Each of Colorado's eight river basins and the Denver metro area will receive $1 million by July 2007 for water-related studies and projects.
At a meeting of the state's Interbasin Compact Committee on Wednesday in Steamboat Springs, water officials from across Colorado and state Department of Natural Resources Executive Director Russell George approved a plan to allocate $40 million in severance tax funds to river basins statewide during the next four years.
"The wheels are in motion to get this going," said Eric Hecox, manager of the office of Interbasin Compact Negotiations.
With the passage of House Bill 1177 in 2005, the state Legislature created Colorado's nine water roundtables to address present and future water challenges in each of the state's eight major river basins and the Denver metro area.
Senate Bill 179, signed into law this year, established the Water Supply Reserve Account to fund studies and projects approved by the roundtables. The state will pump $10 million of severance tax revenues into the account annually through 2009.
On Wednesday, the interbasin committee agreed to evenly distribute $9 million from the account to the roundtables within a year, beginning with a $500,000 payment to each roundtable in January 2007. In July 2007, each roundtable will receive an additional $500,000 from the account.
"The ball is now in the roundtables' court," Hecox said. "It is up to the roundtables to approve a water activity."
Also by July 2007, the state will place a total of $11 million from the reserve account into a statewide pool for competitive funding applications. The state will make additional $10 million payments to the statewide pool in July 2008 and July 2009.
Immediately after Wednesday's interbasin committee meeting, members of the Yampa/White Basin roundtable group met to discuss water needs in Northwest Colorado.
"I think those funds represent a significant opportunity for the basin," said Dan Birch of the Colorado River Water Conservancy District.
The roundtable already has several ideas about how to use the funding.
Local water recreation guide Kent Vertrees and Geoff Blakeslee of The Nature Conservancy proposed a study of recreation and environmental impacts on the Yampa, White and Green rivers to prepare for growing use and water needs.
"We haven't done the adequate level of study that is required (by HB 1177)," Vertrees said.
Roundtable member and South Routt resident Dan Craig said more storage is needed of water designated for agriculture.
"The Yampa has very little agricultural storage water compared with many rivers in the state," Craig said.
Roundtable chairman and local attorney Tom Sharp said such storage could occur with upgrades to Stillwater Reservoir south of Yampa.
"That's a project that could be on the radar screen," Sharp said.

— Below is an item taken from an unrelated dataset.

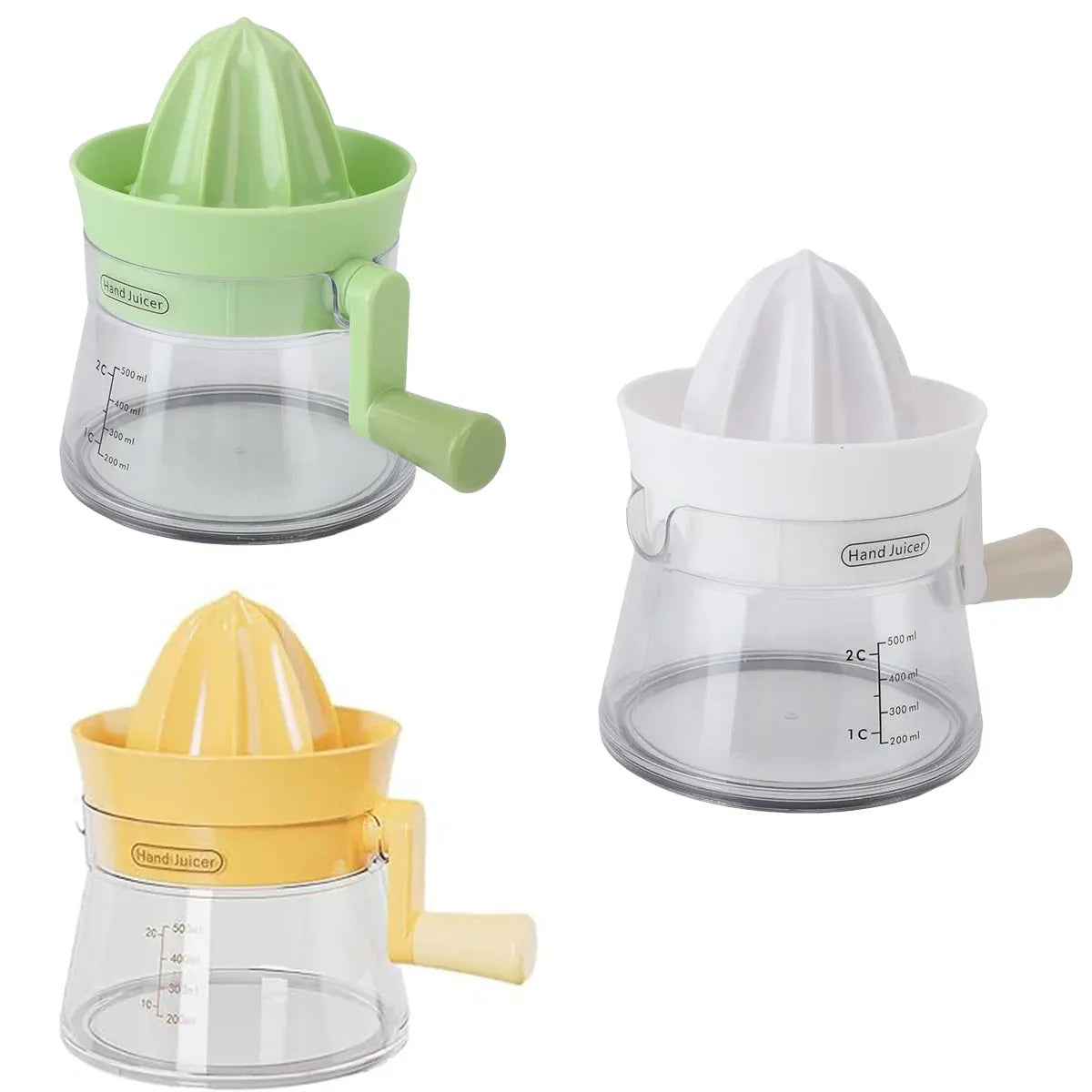 Manual Juice Extractor for Orange Lemon Home Citrus Juicer Hand Compressor - White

Moffat County rancher T. Wright Dickinson, appointed by Gov. Bill Owens to the state Interbasin Compact Committee, supported the need to examine agricultural water storage in Northwest Colorado. Dickinson said the Statewide Water Supply Initiative, a multi-year study of water needs, is too optimistic in its view of water supplies along the Yampa River.
"The records have looked at whether there was water in the (irrigation) ditch, but not whether there was enough water in the ditch," Dickinson said.
George stuck around for the Yampa/White roundtable, which also was attended by more than 20 water, energy and natural resources officials.
"I enjoy the conversations," George said.